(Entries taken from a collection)
□ □ □ □ □
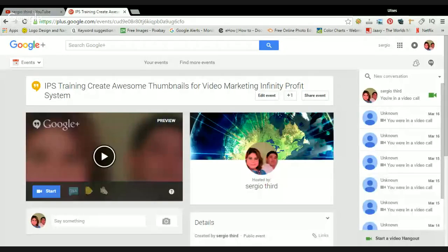Hello, this is Sergio from Close on Mondays, a team and Infinity Profit System. I'm going to show you how to create awesome video thumbnails for your YouTube video marketing, or just video marketing your Infinity Profit System. Let me share my screen and show you how to create great thumbnails.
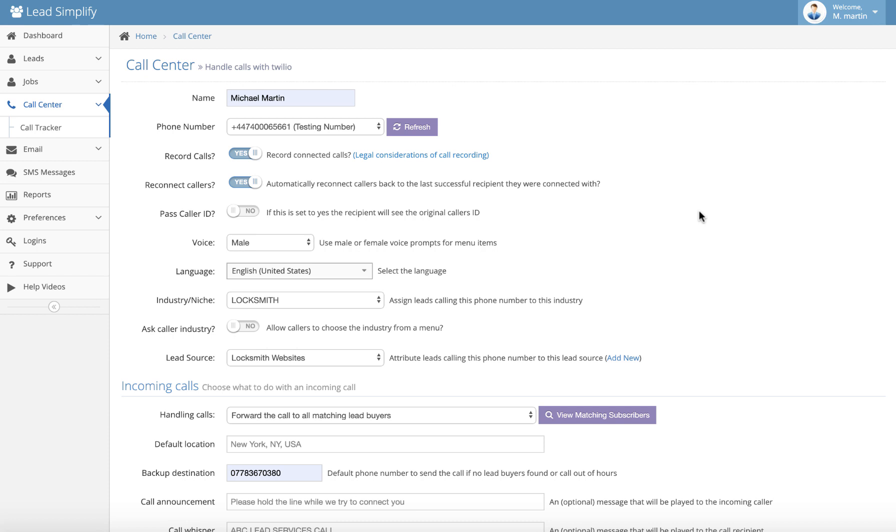Now what this enables you to do is something that no other call tracker, no other call center software on the planet can enable you to do without staff. So basically you're now able to have a single number for the whole United States, for example. So you've got a 1-800 number with five different industries - plumber, roofer, electrician, joiner, locksmith. And you cover every single area in the whole of the United States. They can phone up from any location for any of those industries on that one phone number, and the system will automatically direct the call to the right person in the right location in the right industry every single time.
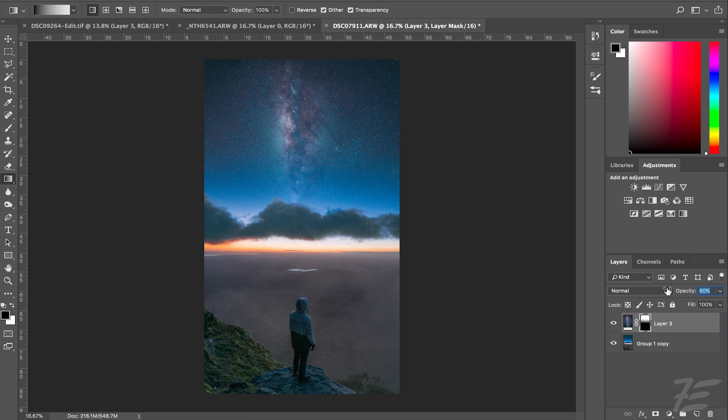So now you've got stars in your photos. You can lower the opacity to make it a bit more realistic, but yeah that's pretty much it.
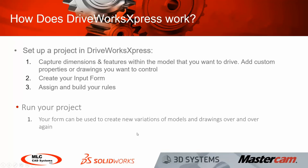It's a simple process to get DriveWorks Express up and running. All you need to do is capture the dimensions and features within your designs that you wish to drive. You can add custom properties or drawings if you want to control those also. You create the input form to gather the information that you need and then you assign and build rules to drive those dimensions and features that you wish to change in your design.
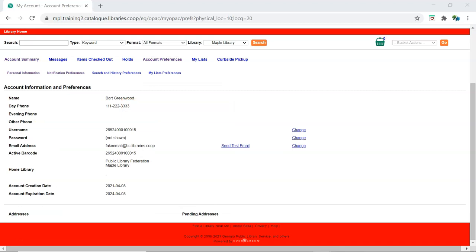Patrons can also access the test notifications themselves through account preferences in My Account. The email test notification is available on the Personal Information tab.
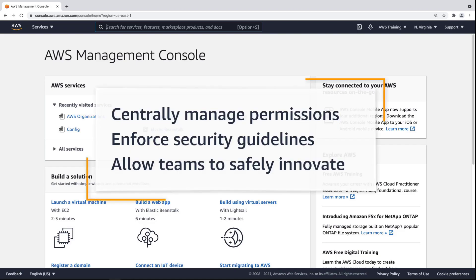In this video, you'll see how you can enforce preventive guardrails using Service Control Policies, or SCPs. With this feature of AWS Organizations, you can centrally manage permissions to enforce security guidelines while allowing builder teams to safely innovate with AWS services.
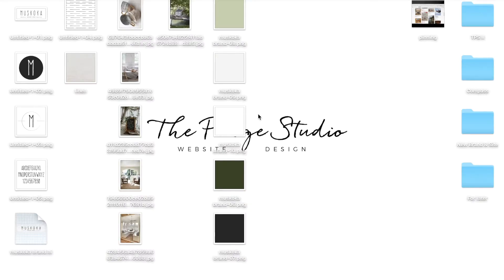Hi everyone, this is Paige here from the Paige Studio. In this video I'm going to be showing you how to create a mood board in Squarespace.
□ □ □ □ □
AIM OF THE TASK
Would you copy out every entry above word for word, without the pictures?

COMPLETED TASK
Hello, this is Sergio from Close on Mondays, a team and Infinity Profit System. I'm going to show you how to create awesome video thumbnails for your YouTube video marketing, or just video marketing your Infinity Profit System. Let me share my screen and show you how to create great thumbnails.
Now what this enables you to do is something that no other call tracker, no other call center software on the planet can enable you to do without staff. So basically you're now able to have a single number for the whole United States, for example. So you've got a 1-800 number with five different industries - plumber, roofer, electrician, joiner, locksmith. And you cover every single area in the whole of the United States. They can phone up from any location for any of those industries on that one phone number, and the system will automatically direct the call to the right person in the right location in the right industry every single time.
So now you've got stars in your photos. You can lower the opacity to make it a bit more realistic, but yeah that's pretty much it.
It's a simple process to get DriveWorks Express up and running. All you need to do is capture the dimensions and features within your designs that you wish to drive. You can add custom properties or drawings if you want to control those also. You create the input form to gather the information that you need and then you assign and build rules to drive those dimensions and features that you wish to change in your design.
Patrons can also access the test notifications themselves through account preferences in My Account. The email test notification is available on the Personal Information tab.
In this video, you'll see how you can enforce preventive guardrails using Service Control Policies, or SCPs. With this feature of AWS Organizations, you can centrally manage permissions to enforce security guidelines while allowing builder teams to safely innovate with AWS services.
Hi everyone, this is Paige here from the Paige Studio. In this video I'm going to be showing you how to create a mood board in Squarespace.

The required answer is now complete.